Reformulating has proven difficult for private-label manufacturer Perrigo Co., Allegan, Mich., which reported a decline of $20 million in PSE-based cough and cold product sales for the second quarter of fiscal 2006.

"The elimination of certain pseudoephedrine products and the shift to behind the counter by many retailers have resulted in lower cough/cold product sales, operational complexity and continued pressure on our consumer health care segment profits as we push to reformulate these products and introduce a record number of new products at the same time," said David Gibbons, chairman, president and chief executive officer, Perrigo, in a statement.

At Ahold stores, "there aren't an awful lot of requests for the PSE products at the pharmacy," Fegan said. A busy pharmacy is unlikely to attract a non-pharmacy shopper, he said.

As far as PE product sales at Ahold, "I think, personally, that the replacement products are selling pretty well and that people don't really realize there's been a formulation change," Fegan said. "The packaging is still bright. It looks almost the same."

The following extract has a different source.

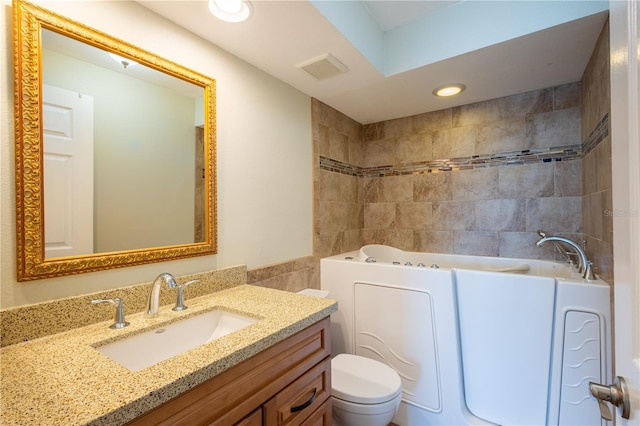 2530 Gary Cir Unit 301, Dunedin, FL 34698 - bathroom featuring tile walls, a tub to relax in, toilet, vanity, and recessed lighting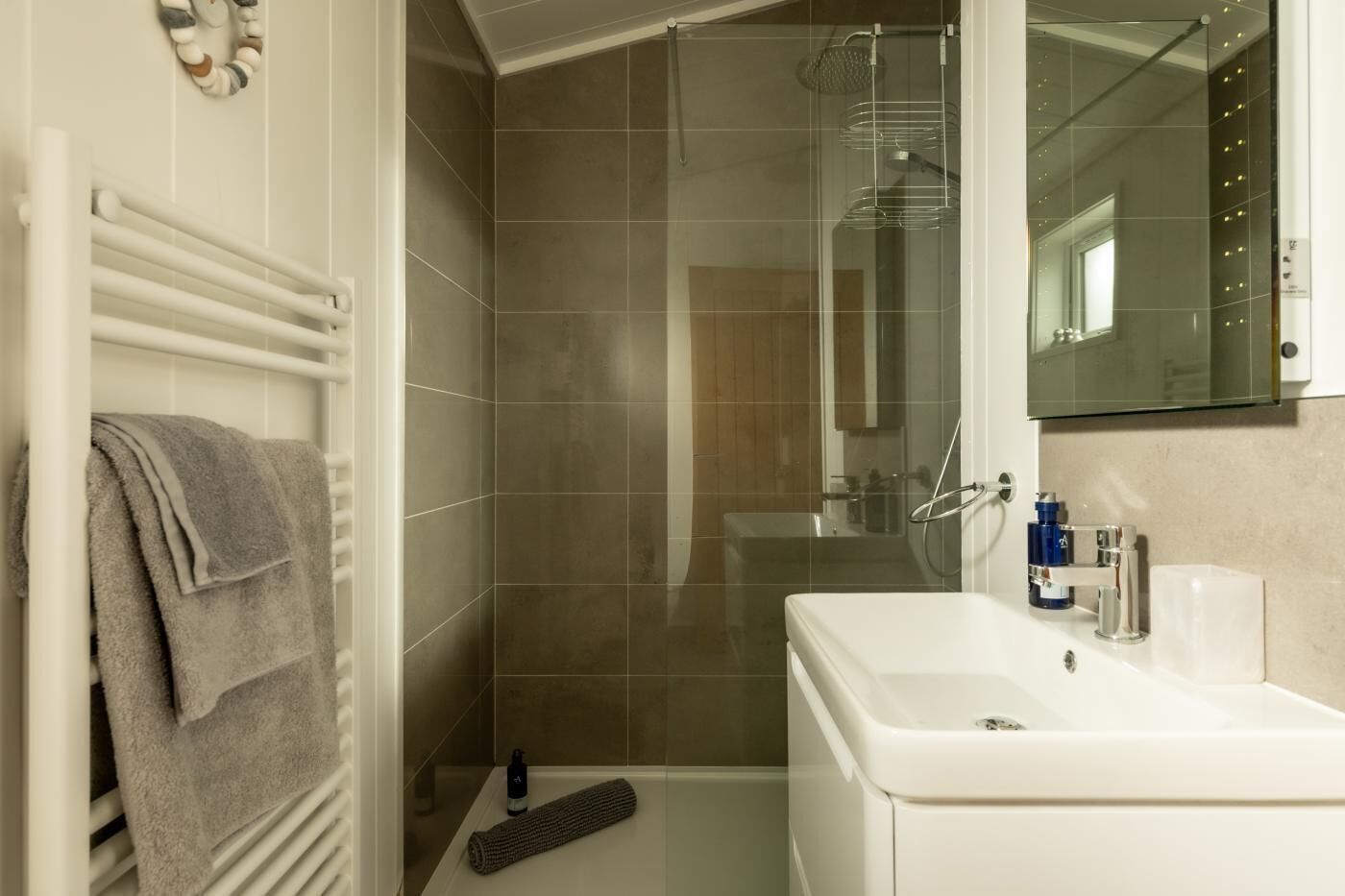 Un bagno con un lavandino bianco, un portascopevoli, una doccia con porta in vetro e uno specchio sopra il lavandino.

"In five years, this law will be a blip on the radar screen, but there will probably be a lot less PSE product on the market," Motley said. "It is going to become scarce."

Paying for the New PSE Laws

Moving pseudoephedrine-containing cough, cold and allergy products behind the pharmacy counter could make the product's price move as well.

"We are not going to be able to provide all of the initial resources involved in moving and monitoring product sales without increasing the price of the product to cover that," said John Motley, senior vice president, government and public affairs, Food Marketing Institute, referring to a new federal law that demands PSE products be either behind the pharmacy counter or in a locked display case, and that sales be monitored through a logbook.

"The pharmacy profession is the most highly legislated profession and this just adds to the complexity of the practice," said Verne Mounts, director of pharmacy, Buehler Food Markets, Wooster, Ohio.

Having product behind the pharmacy, in particular, presents two specific cost issues, Motley said. "You have your highest paid group of people in the store taking the time to check IDs and watch people sign a logbook, then go and get products they didn't have to get before. So you are taking their time and reducing their productivity."

Second, stores have to make space behind the pharmacy for new product, Motley said. "There are supermarkets that carry about 250 different PSE-based products. You have to reduce that number and find some way to expand the space in the pharmacy."

These factors add to the cost of doing business, Motley said.